Station House, 1 North Circular Road, Lisburn, Co Antrim, BT28 3AH is a Grade B2 listed building in the Lisburn and Castlereagh local planning authority area, Northern Ireland. First listed on 8 October 1981.
Station House, 1 North Circular Road, Lisburn, Co Antrim, BT28 3AH
- WRENN ID
- north-pillar-larch
- Grade
- B2
- Local Planning Authority
- Lisburn and Castlereagh
- Country
- Northern Ireland
- Date first listed
- 8 October 1981
- Source
- NI Environment Agency listing
Description
Station House is a detached two-storey, three-bay dwelling with two two-storey rear returns on its east elevation, situated below the corner of Magheralave Road and North Circular Road in Lisburn. The main section of the house is aligned north-south with its principal elevation facing west.

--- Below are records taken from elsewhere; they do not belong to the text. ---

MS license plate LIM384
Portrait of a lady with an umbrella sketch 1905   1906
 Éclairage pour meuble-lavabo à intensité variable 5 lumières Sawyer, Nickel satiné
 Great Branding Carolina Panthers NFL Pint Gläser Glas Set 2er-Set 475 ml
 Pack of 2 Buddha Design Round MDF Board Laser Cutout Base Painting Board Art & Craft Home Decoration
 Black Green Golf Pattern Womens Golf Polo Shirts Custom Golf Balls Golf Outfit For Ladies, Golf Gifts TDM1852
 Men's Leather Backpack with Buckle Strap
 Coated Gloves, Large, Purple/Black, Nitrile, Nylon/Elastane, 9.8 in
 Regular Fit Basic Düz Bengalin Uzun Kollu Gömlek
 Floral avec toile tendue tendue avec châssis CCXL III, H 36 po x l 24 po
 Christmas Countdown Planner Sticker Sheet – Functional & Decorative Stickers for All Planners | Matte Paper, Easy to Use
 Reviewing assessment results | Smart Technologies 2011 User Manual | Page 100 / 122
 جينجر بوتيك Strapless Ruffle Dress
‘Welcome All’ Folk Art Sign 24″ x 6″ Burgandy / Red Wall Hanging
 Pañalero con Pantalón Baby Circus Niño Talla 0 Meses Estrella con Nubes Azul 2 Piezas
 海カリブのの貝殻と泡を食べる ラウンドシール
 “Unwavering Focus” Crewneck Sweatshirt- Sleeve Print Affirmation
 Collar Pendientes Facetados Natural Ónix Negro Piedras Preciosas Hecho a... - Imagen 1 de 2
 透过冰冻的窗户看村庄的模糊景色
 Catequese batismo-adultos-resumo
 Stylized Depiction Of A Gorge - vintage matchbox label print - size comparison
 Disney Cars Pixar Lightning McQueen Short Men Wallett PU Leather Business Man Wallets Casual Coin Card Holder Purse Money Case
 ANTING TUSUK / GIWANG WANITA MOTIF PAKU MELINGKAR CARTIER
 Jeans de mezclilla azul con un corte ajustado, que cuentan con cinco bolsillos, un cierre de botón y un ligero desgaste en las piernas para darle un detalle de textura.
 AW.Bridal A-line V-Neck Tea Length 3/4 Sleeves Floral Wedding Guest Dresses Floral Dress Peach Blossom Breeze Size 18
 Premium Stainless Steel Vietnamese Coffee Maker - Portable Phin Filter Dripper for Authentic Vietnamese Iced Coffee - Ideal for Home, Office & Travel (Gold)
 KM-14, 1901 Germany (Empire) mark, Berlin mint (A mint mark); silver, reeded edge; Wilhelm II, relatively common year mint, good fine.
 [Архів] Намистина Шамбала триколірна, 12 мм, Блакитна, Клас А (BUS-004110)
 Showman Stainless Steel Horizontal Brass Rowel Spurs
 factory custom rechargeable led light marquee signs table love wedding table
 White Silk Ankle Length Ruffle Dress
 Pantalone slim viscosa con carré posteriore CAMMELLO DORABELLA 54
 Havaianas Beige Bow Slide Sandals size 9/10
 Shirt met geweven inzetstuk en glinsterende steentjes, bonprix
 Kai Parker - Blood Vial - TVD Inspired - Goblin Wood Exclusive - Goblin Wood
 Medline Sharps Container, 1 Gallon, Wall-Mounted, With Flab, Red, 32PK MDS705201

The building is constructed of red brick embellished with stepped yellow brick quoins. A purple brick platband runs around the north, east and south elevations of the main section at ground and first floor cill levels. The north elevation of the north-east return and south elevation of the south-east return also have an identical platband across their first floors. The pitched natural slate roofs feature fretted bargeboards and boxed eaves. Corbelled yellow-brick chimneys exist to each gable, although the one on the north-east return has been removed. Half-round metal and plastic rainwater goods are fitted throughout.
The principal west elevation includes a single-storey entrance porch to the middle, which appears to be a modern replacement although it retains a matching roof with plain bargeboard, walls and quoins. The porch has a door to the left check and a window with concrete cill to its right cheek. The ground floor of the left bay contains two windows with shallow segmental yellow brick heads and common painted stone cills. The bay to the right of the porch is canted at single-storey height with similarly detailed windows to each cant but with separate cills. Single windows occupy each first floor bay, except the middle one which has a semi-circular yellow-brick head. The south gable of the main section has two segmental-headed windows at first floor level, also with yellow brick heads and stone cills.
A modern boiler house is attached to the ground floor with a metal flue running up the quoin.
The south-east rear return is the same height as the main block but slightly inset from its gable. It has a pair of windows to its south elevation at ground floor level and two first floor windows on its east gable. The north-east rear return is slightly lower and shorter than the south-east return, with its north elevation continuous with the north gable of the main block. This elevation has two ground floor windows with flat red brick heads; the right-hand window with concrete cill is a modern insertion replacing a smaller original window or door. Two original windows exist at first floor level, all with flat red-brick heads. The north elevation of this return has a ground floor door (a modern insertion) to the left of which is an infilled original window opening with a yellow-brick head.
All windows and doors throughout are modern uPVC casements.
The back yard is partly bounded by a red-brick wall topped with hollow triangular terracotta copings and contains a modern single-storey brick and rendered concrete shed. The grounds are enclosed along their north and east sides by a random basalt wall topped with terracotta copings. Originally there were steps down to the back yard from the main road, but this entrance has been infilled with brick and the steps removed.
A side entrance along the North Circular Road features a wrought-iron gate set within an opening with dressed granite jambs and head, with a more recent vehicle entrance further along this road. A large garden extends west of the house, bounded to south and west by a hedge separating it from Lisburn Station.